結局このせいで、私の頭はフィリップ・マーロウたちがいたロサンジェルスからズーイたちのいるニューヨークへ戻って再読することになったのだから、あとがき(添え書きというべきか)の推進力というのはスゴい。

この作品は「宗教くさい」との批判があったようだけど、私はさほど気にならなかった。たとえば数学者が一般読者向けの本の中で数式を一つ用いる度に、私のような頭の悪い読者が一人ずつ減るということはあるかもしれない。が、村上春樹の配慮ある翻訳のおかげで小説の中に「神」という言葉が現れる度に読者が一人ずつ減っていくということはまずないだろう、という程度の気持ちで読み進めることができた。作中に散りばめられた示唆と暗喩でピカピカに磨き上げられたスピード感のあるダンスのような文章にただ身を委ねてさえいれば、苦痛も我慢もなく心地よくストーリーが進んでいった。もちろん全ての示唆や暗喩が解読できたわけではない。極めておおまかにいってこれは西洋における"絶対的な"神から東洋思想における"自分たちと何ら変わりのない対等な神"へと昇華することで、実存の危機に直面した妹フラニーを救い出す話なのだけど、では深刻な内容かというと深刻であるはずなのにシリアスな空気は感じられない。都会的だけど冷たくもドライでもない、かといって特別口当たりのいい言葉があるわけでもない。しかも朝の10時半からお昼あたりまでのたった数時間の話だ。あとはズーイの持つ表情なり仕草なり、言葉遊びなりを見つけ出しては慈しんでいるだけで十分楽しいのだ。

母親のベッシーはプライバシーを侵害する世の中の代表だな、とか、「Zooey」(ズーイ)とあるけれど、雑誌か何かの「O」の文字の内側を塗りつぶしてあるということは、ホントは「Zoey」(ゾーイ)なんじゃないの?とか、米国では「ズーイ」と発音する人が多いと村上氏はいうけれど、映画(「ライ麦畑の反逆児:ひとりぼっちのサリンジャー」)の中で、教授役を演じるケヴィン・スペイシーは「ゾーイ」と発音してたなとか、わりかしどうでもいいような、その「どうでもよさ」を一人で楽しんでいることもある。とにかく何度も読んで面白さのテイストを噛みしめているだけで満足してしまうこの麻薬性はいったいどこからくるのだろう。

ただこの「フラニーとズーイ」以後、サリンジャーは「大工よ、屋根の梁を高くあげよ」以外、作品を出版していないようだ。

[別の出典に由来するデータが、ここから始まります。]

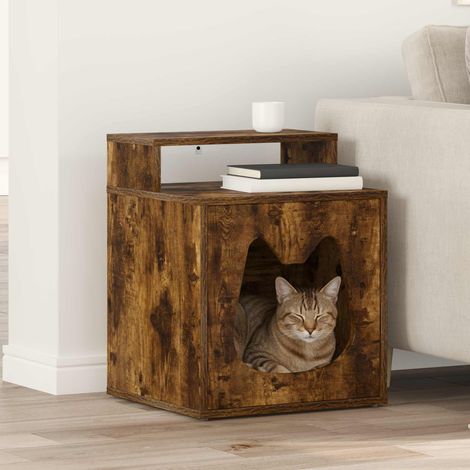 vidaXL Maison pour chat Chêne fumé 42,5 x 40 x 53,5 cm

同時期にチャンドラーの「ロンググッドバイ」が出版されていることを考えると、作家としての野心も強かったサリンジャーは(もちろん憶測ではあるけれど)、チャンドラーのようなもっと大柄で骨太な作品が書ける作家を目指したかったのかもしれない。なぜなら、サリンジャーの投影とも考えられる(厳密ではそうとも限らない)バディーやズーイにとって、長兄シーモアの死がもたらした喪失感が手に負えないほど大きすぎるのではないかと思うからだ。そしてそれが容易に解決できるものではない以上、たとえばフォークナーの「ヨクナパトーファ・サーガ」や、中上健次の「紀州サーガ」のような一大交響詩「グラス家サーガ」を打ち立てたいという野望や願望が生まれても不思議ではない。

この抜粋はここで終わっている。